Review DVD: Fidel

5 Star, Biography & Memoirs, Reviews (DVD Only)

Amazon PageBrilliant, Sensible, Noteworthy, First-Rate, Truth in Your Face, February 10, 2008

Víctor Huggo Martin

I come to this movie as the son of an oilman, with 30 years spent all over the world, flying around the world at the age of 16 alone, and then moved on to the Marine Corps, the CIA, and other stuff.
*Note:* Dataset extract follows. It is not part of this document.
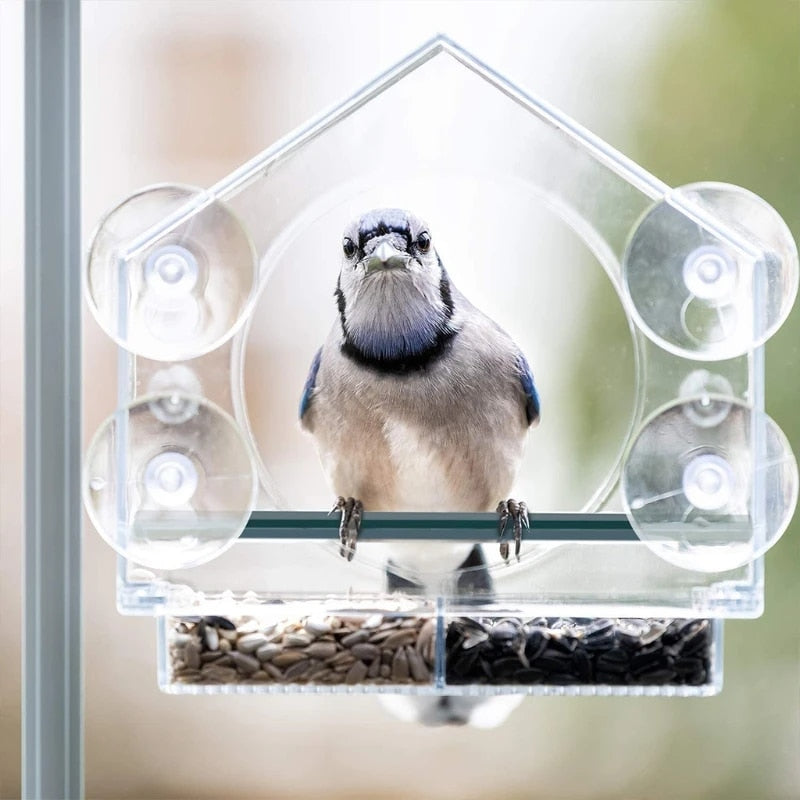 ClearNest™ Window Bird Feeder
Over-all, I have spent close to 15 years in Latin America.

Bottom line: Fidel kicks US ass while also being a mixed blessing for the Cuban society.

There are an awful lot of individuals in denial, but the raw facts are these:

1) Castro overthrew a dictator that sold out the Cubans to US companies.

2) The US did everything in its (impotent) power to assassinate him while also imposing a brutal and probably illegal embargo on Cuba.

3) Now that we are all conscicous about both sustainability and health:

++++ SURPRISE: Cuba and the Amish are the TWO–the only two–models for sustainable development; and

++++ SURPRISE: Cuba not only has better health care than the US, but they can afford to send 10,000 doctors to Venezuela.

This is a great movie that Americans should watch, but will no5.

As a fine side note, the Bay of Pigs, an operation that was ill-conceived and badly supported, drove Fidel into Kruschev's arms, and led to the Soviet effort to install nuclar ballistic missiles in Cuba.

I do not believe in socialism and top-down elite control, which both the US and Cuba suffer from, but I do believe there is a third way between the US, Cuba-Venezuela, Costa Rica, and others. We are close to being able to use the Internet for digital deliberative dialog and real-time science as well as real-time decision-support.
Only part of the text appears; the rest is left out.